[Task details]: Only what runs from the line with "Gri Lambader Hareketli" to the end of the data should appear in the answer, exactly as written and without pictures.
Given information: Begin
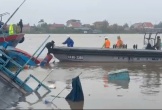 VIDEO: Gió lốc xô tàu chở 9 người lật chìm ở Quảng Ninh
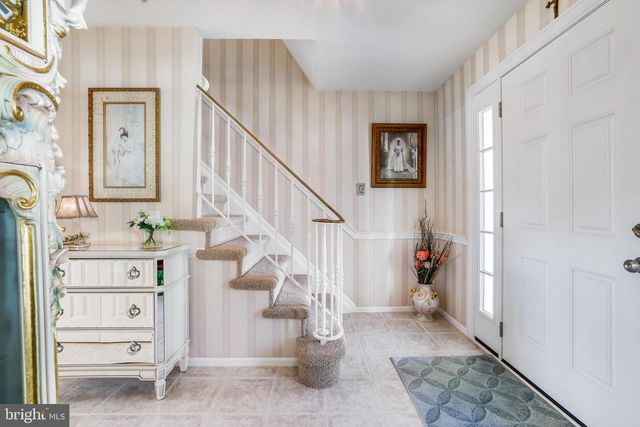 14 WHITEKIRK DR, Wilmington, DE 19808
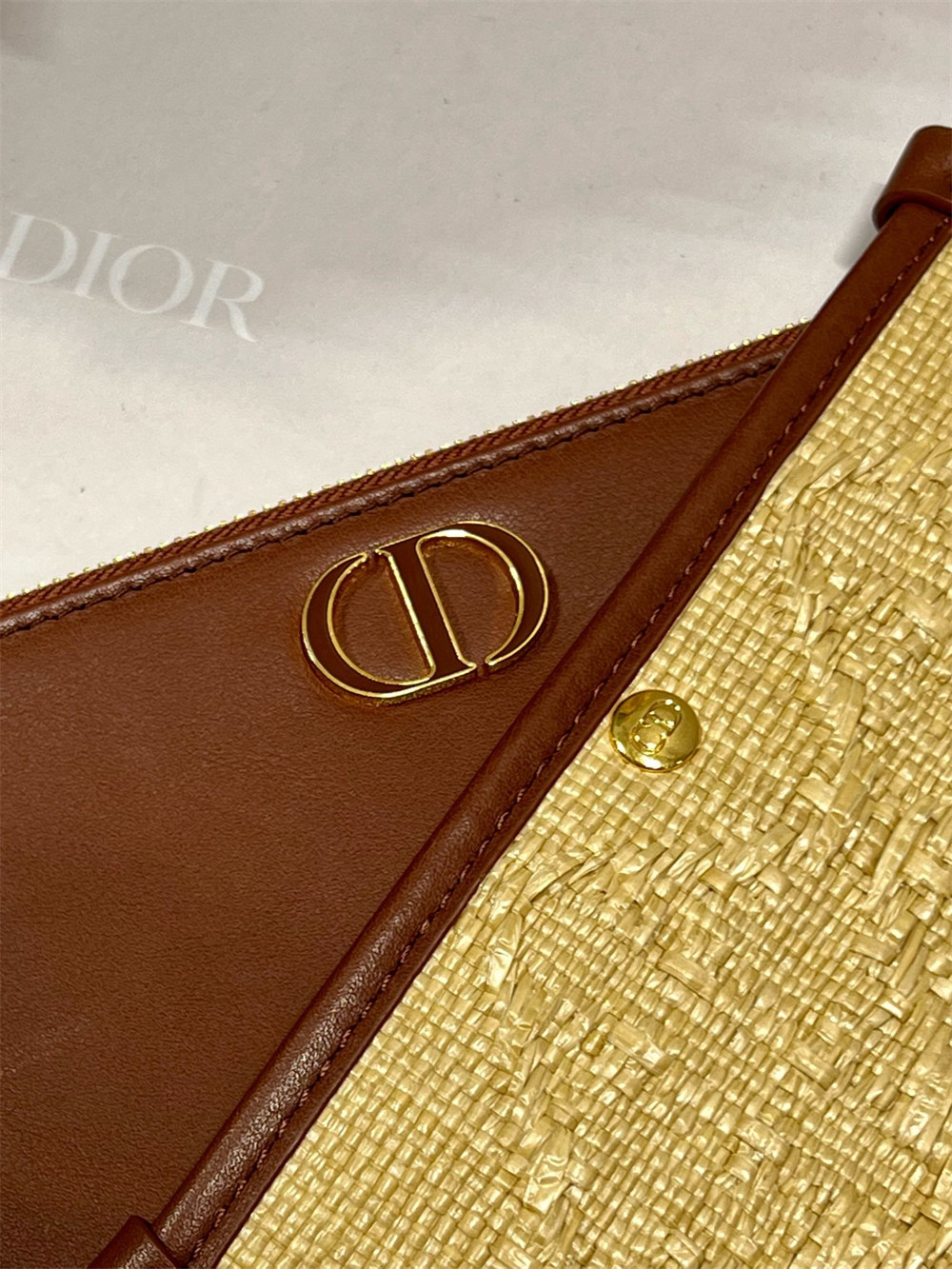 D10r 30 Montaigne Avenue weav 22.5 x 12.5 x 6.5 cm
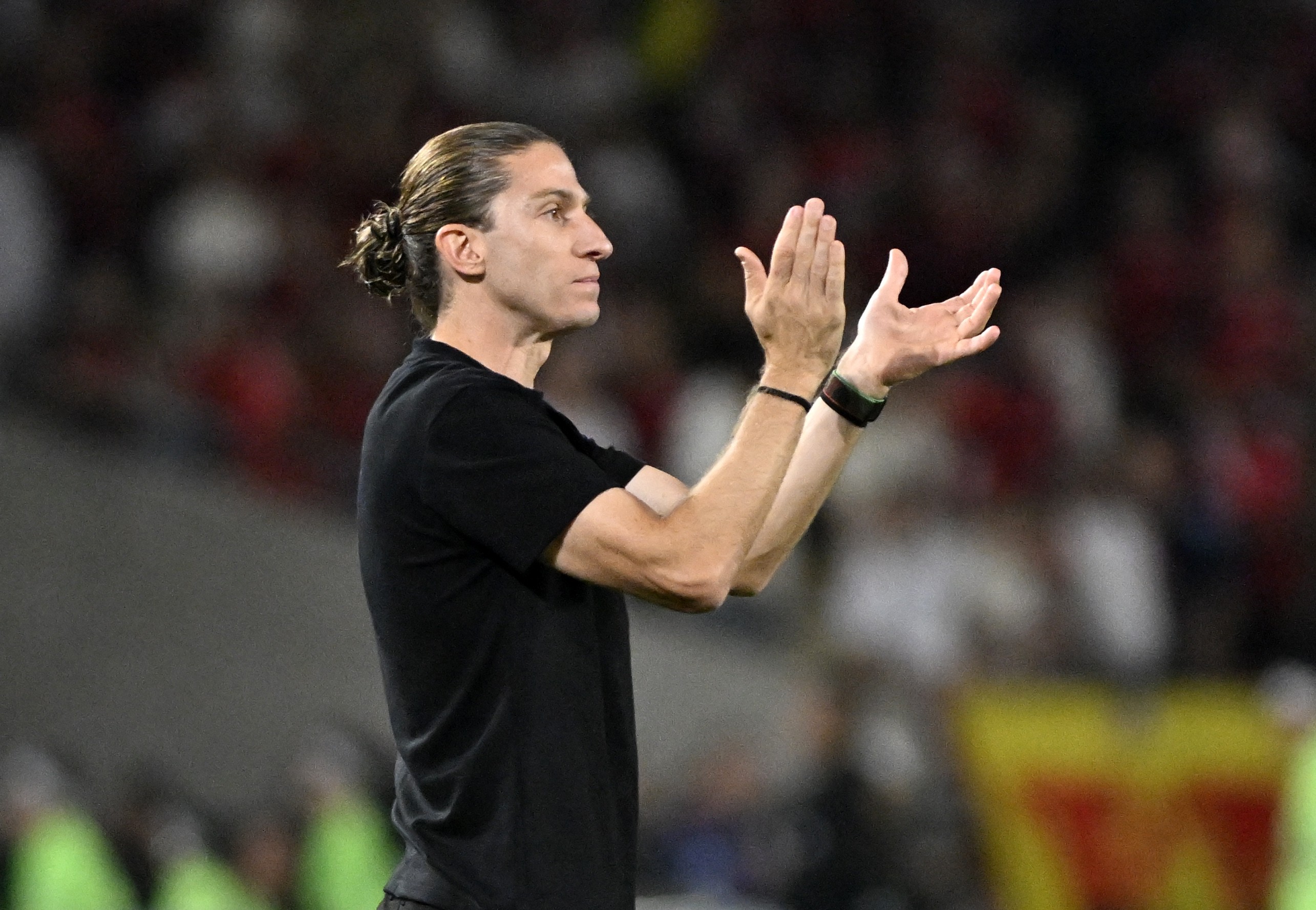 Filipe Luís em 60 jogos: Flamengo evolui da defesa ao ataque; veja comparação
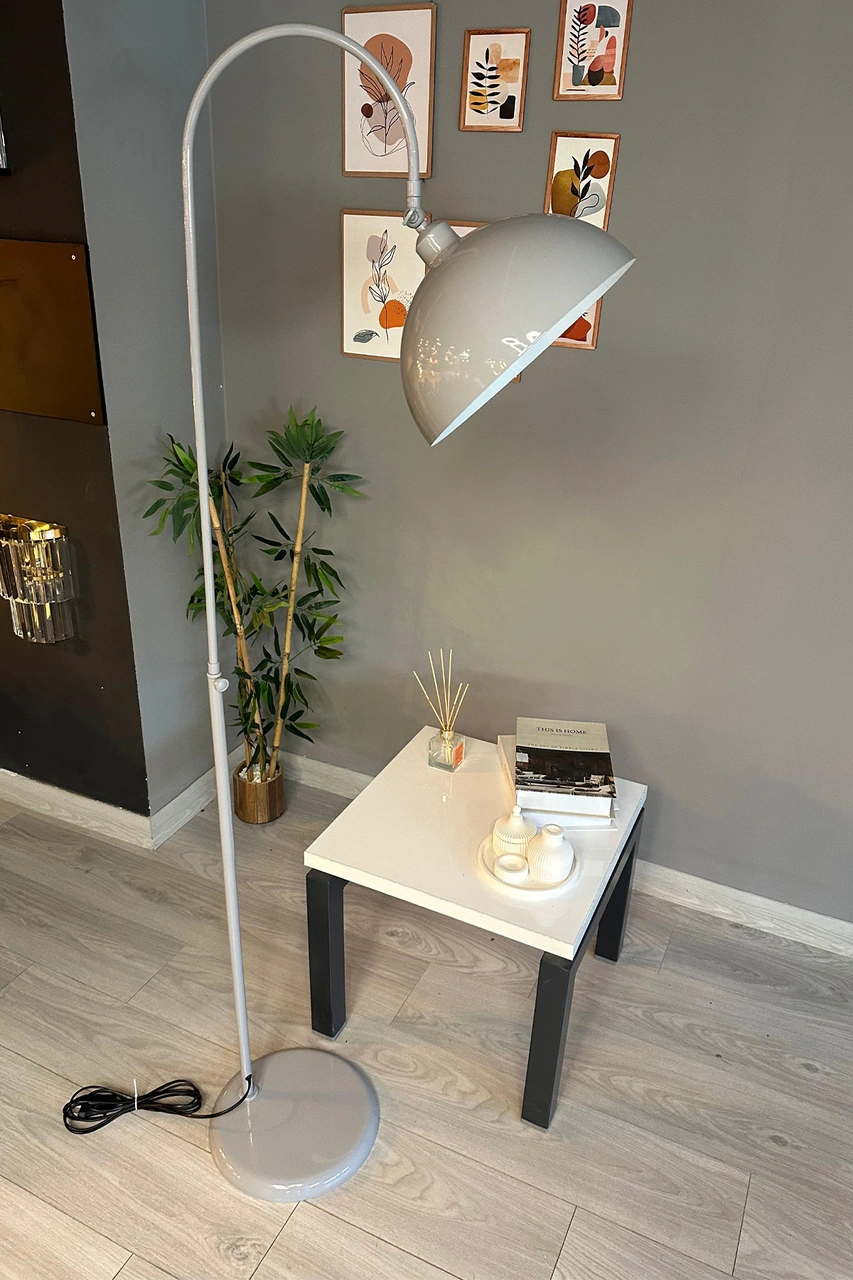 Gri Lambader Hareketli Başlık Modern Dekoratif Metal Oturma Odası Çalışma Odası Zemin Lambası Gri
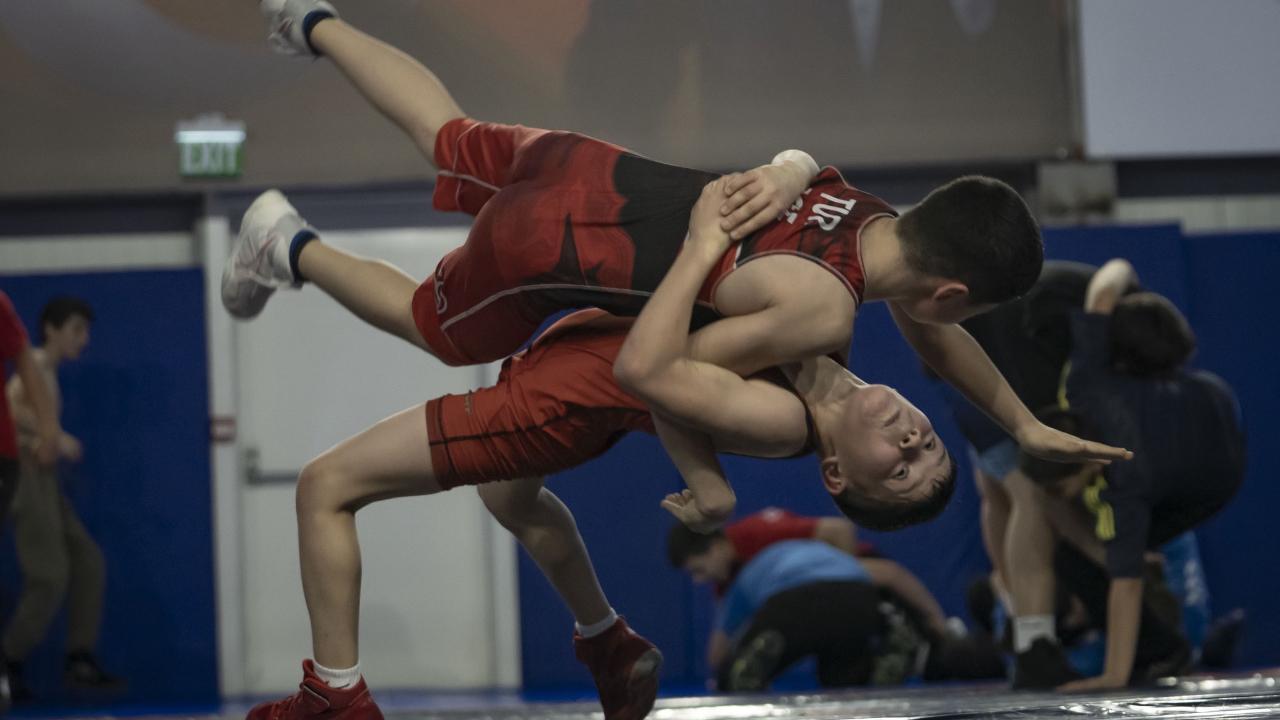 Ağrı’da Gençler Ramazan’da da Sporla Buluşuyor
Given information: End
[Solution for this problem]:
 Gri Lambader Hareketli Başlık Modern Dekoratif Metal Oturma Odası Çalışma Odası Zemin Lambası Gri
 Ağrı’da Gençler Ramazan’da da Sporla Buluşuyor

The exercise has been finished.